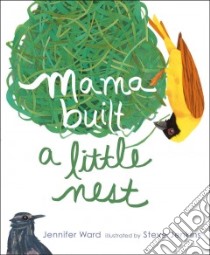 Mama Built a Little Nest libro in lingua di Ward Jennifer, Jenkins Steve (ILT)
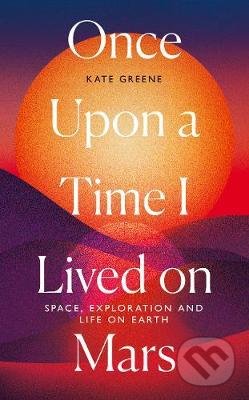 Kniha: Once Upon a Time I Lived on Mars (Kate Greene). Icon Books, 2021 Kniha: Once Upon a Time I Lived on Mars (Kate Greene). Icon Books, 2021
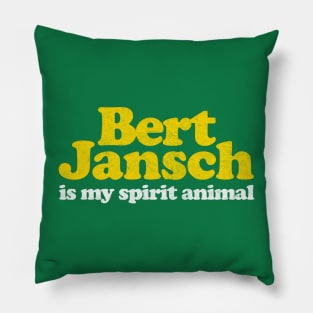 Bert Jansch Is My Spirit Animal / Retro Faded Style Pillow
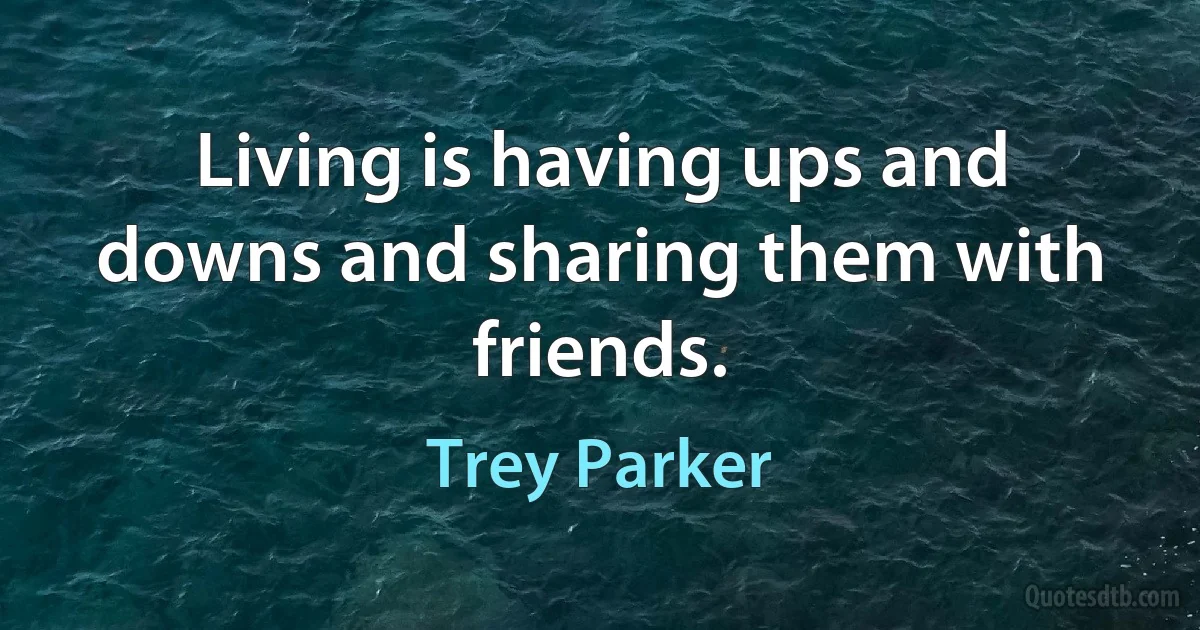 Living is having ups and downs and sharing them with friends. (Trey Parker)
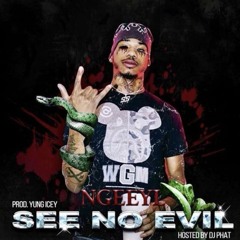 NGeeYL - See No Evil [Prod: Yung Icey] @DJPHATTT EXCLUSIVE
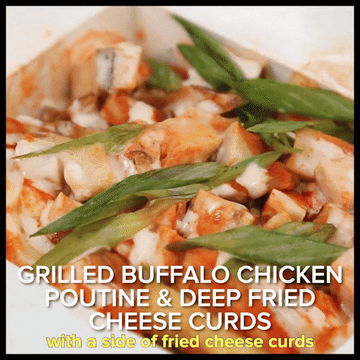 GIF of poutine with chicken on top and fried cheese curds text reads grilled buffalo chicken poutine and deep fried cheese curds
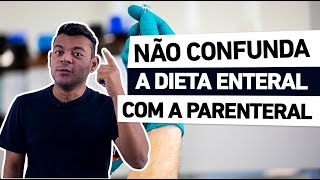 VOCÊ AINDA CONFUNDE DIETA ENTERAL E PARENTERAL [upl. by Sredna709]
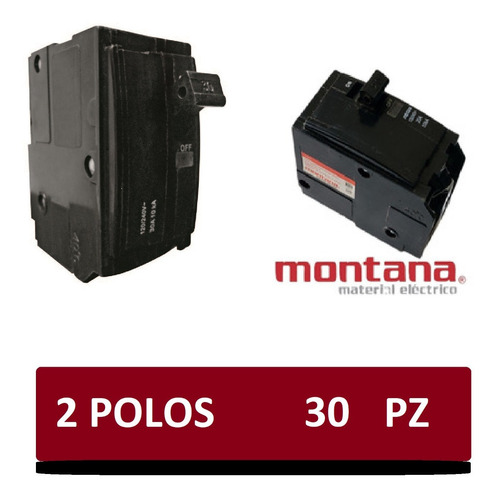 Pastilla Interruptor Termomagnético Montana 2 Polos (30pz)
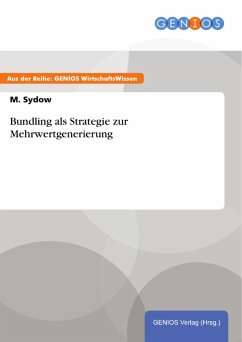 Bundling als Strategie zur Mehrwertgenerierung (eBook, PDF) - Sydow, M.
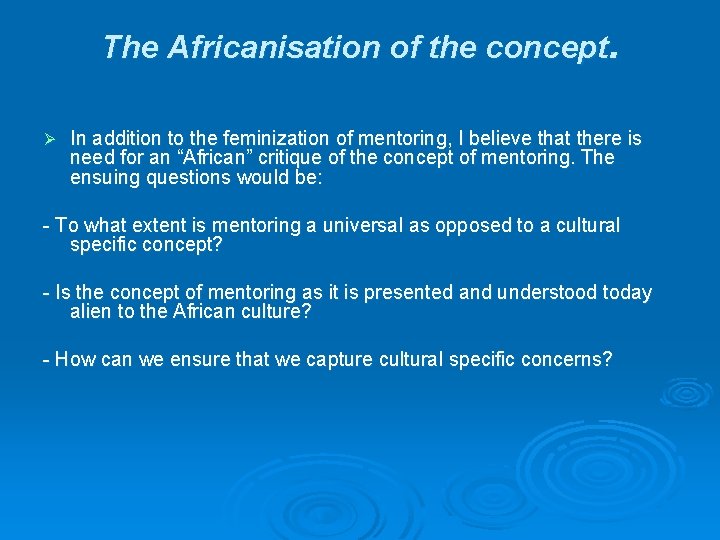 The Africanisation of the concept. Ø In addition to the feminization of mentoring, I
#####
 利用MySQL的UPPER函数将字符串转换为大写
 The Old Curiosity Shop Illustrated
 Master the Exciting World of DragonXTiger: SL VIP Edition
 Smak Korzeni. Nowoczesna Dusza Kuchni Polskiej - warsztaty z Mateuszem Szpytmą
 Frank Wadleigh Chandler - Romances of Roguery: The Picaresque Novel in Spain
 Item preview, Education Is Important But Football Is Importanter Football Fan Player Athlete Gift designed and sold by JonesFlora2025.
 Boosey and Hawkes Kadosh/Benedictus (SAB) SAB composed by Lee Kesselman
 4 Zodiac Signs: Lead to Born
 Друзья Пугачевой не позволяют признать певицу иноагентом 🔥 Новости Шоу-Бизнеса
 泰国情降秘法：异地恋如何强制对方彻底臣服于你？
#####
Above are the records; repeat exactly the lines from the one holding "Smak Korzeni. Nowoczesna" down to the one holding "泰国情降秘法：异地恋如何强制对方彻底臣服于你？", end lines included.

# TASK RESULT
 Smak Korzeni. Nowoczesna Dusza Kuchni Polskiej - warsztaty z Mateuszem Szpytmą
 Frank Wadleigh Chandler - Romances of Roguery: The Picaresque Novel in Spain
 Item preview, Education Is Important But Football Is Importanter Football Fan Player Athlete Gift designed and sold by JonesFlora2025.
 Boosey and Hawkes Kadosh/Benedictus (SAB) SAB composed by Lee Kesselman
 4 Zodiac Signs: Lead to Born
 Друзья Пугачевой не позволяют признать певицу иноагентом 🔥 Новости Шоу-Бизнеса
 泰国情降秘法：异地恋如何强制对方彻底臣服于你？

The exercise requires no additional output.